### Your objective
The whole listing should come back exactly as written, except for the pictures.

### Dataset content
◆ ◆ ◆ ◆ ◆

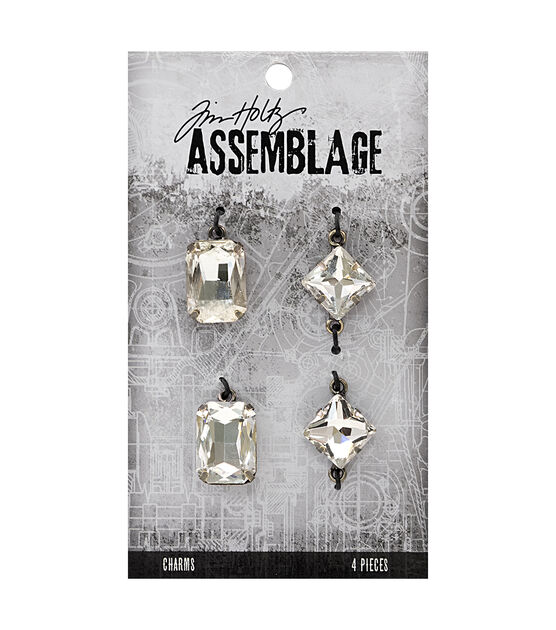 Tim Holtz Assemblage 4ct Faceted Gems Charms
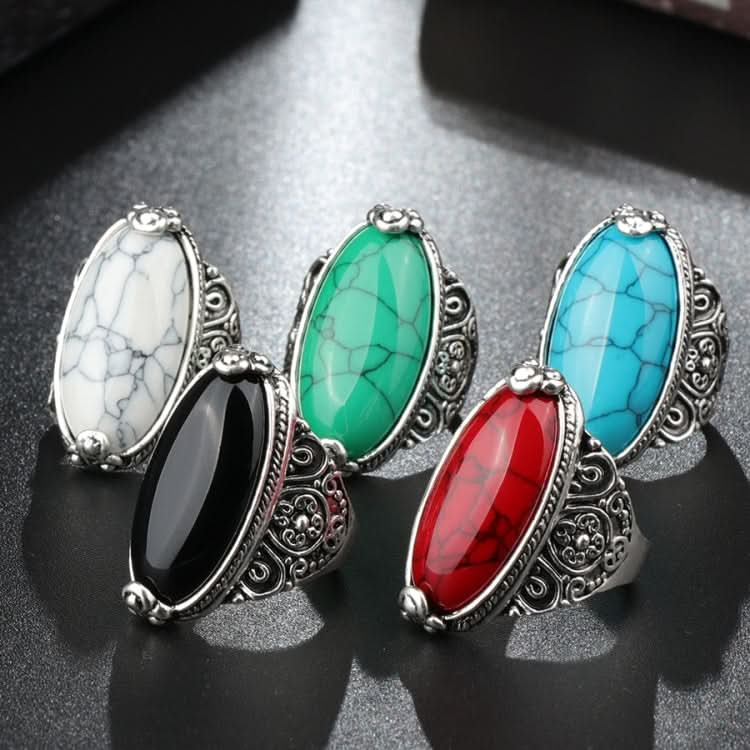 Fashion Vintage Oval Turquoise Flower Ring Women Antique Silver Jewelry Reluova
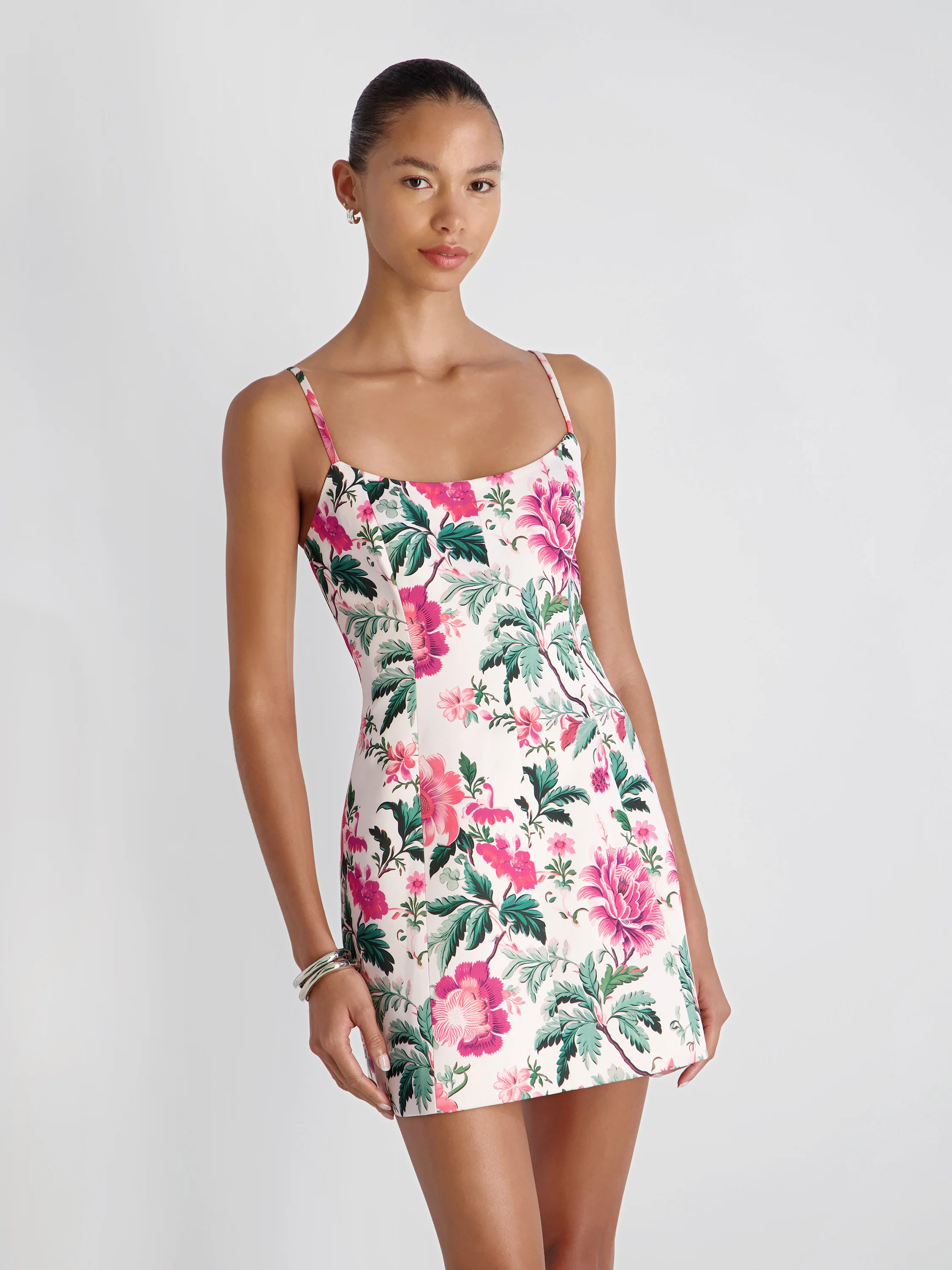 YORK SATIN CHRISTA FLEUR MINI DRESS - Image 3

◆ ◆ ◆ ◆ ◆

### Result below
 Tim Holtz Assemblage 4ct Faceted Gems Charms
 Fashion Vintage Oval Turquoise Flower Ring Women Antique Silver Jewelry Reluova
 YORK SATIN CHRISTA FLEUR MINI DRESS - Image 3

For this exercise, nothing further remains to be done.